Learning and Decision-Making in Active Cognition
Learning and decision making is one of the universal cornerstones of human and animal life. There are several situations where these processes are passive or secondary, but there are several others where the individual can actively control where to gain information to learn more effectively. For example, selecting which restaurant to visit next with the aim of finding out a consistently good dining option. Even though there have been some efforts to model problems in active cognition, a large class of such models is algorithmic, and only concerns itself with how such behavior may be replicated, but not how and why the algorithm actually comes about. This leads to a dearth of computational models that can explain the behavior in a principled manner starting from basic, justifiable assumptions.

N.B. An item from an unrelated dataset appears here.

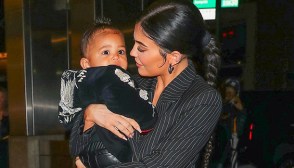 Kylie Jenner + Stormi Webster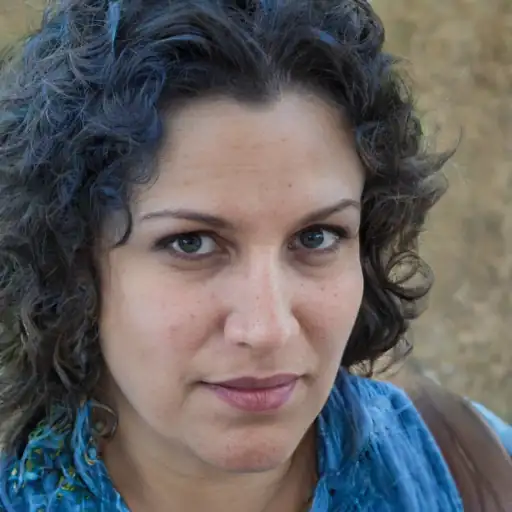 Portrait of Emily R.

Employing tools such as hierarchical Bayesian modeling and stochastic control, this dissertation proposes novel models for several problems in cognition with the goals of enriching our understanding of how the brain might tackle such problems, as well as to provide useful guidelines for building artificial agents that could rival human performance on such problems. More specifically, we investigate three related problems and propose Bayesian models for each of these. Active sensing problem, which deals with optimally allocating sensory resources in a given sensing task. Competitive foraging problem, which deals with understanding foraging in an uncertain environment and in the presence of competing agents who affect each other's reward. And lastly, multi-attribute decision-making problem, which deals with understanding how humans make choices between multi-attribute alternatives and how such a choice mechanism could lead to the well-studied contextual effects.